Month's end: some disassembly required on the OMG, and the stash report

 It's the last day to report progress on the One Monthly Goal for July.   My stated goal was to get started on the wedding quilt.  In a way I have achieved that because I did get started, but now I'm determined to get the top completed.  I might be there had I not made design changes along the way.

I made half the units for 40 border blocks using all-the-same fabrics.   Before I added the large triangles I got to thinking.  

Design change:  since the blocks themselves are scrappy (each of the four birds-in-the-air blocks has a different blue (green) and light gray combo) then I should use different light grays.  

Okay, I'll need 40 blocks for the border.  I can use four of those I've made.  That means 36 (four each from nine light grays) to make.  

What about the sashing?  I started with a variety of light grays with a distinctive blue/green cornerstone. (The blue/green works because the big blue blocks have green cornerstones and the big green blocks have blue cornderstones.)

Design change:  since the big blocks have the same four light gray sashes then having a a variety of light grays for the big sashes doesn't work.   Now I have cut all-the-same big sashes. 
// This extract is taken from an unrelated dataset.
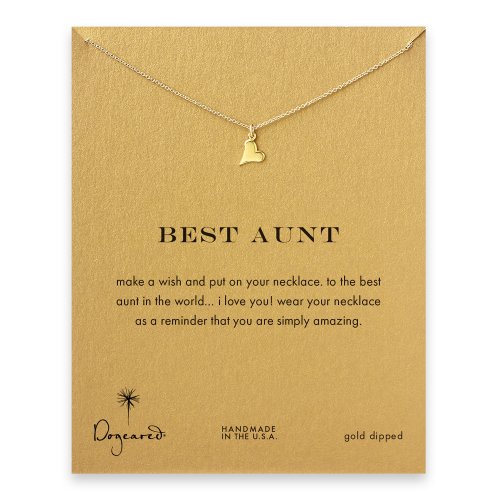 best aunt happy heart necklace, gold dipped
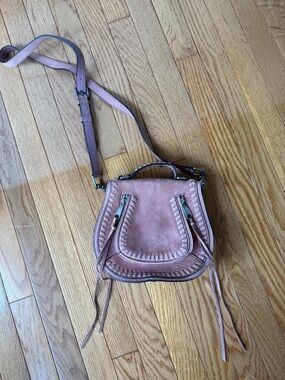 Rebecca Minkoff Pink Leather Crossbody Bag with Whipstitch Detail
Dilemma:  some of the big blocks have the same sashes as the big sashes.   You know, the Fear of Two Fabrics Touching.  If I don't notice it then I'll leave it but if I do notice it at a point that I can change it then I can't not change it. 


In this photo: inner sash + upper right blue bird-in-the-air + big sash = too much of the same.

(I am fully aware that this matching or not will make no difference to the recipients of the quilt. But I will know.) 

SO I'm still ripping and still sewing.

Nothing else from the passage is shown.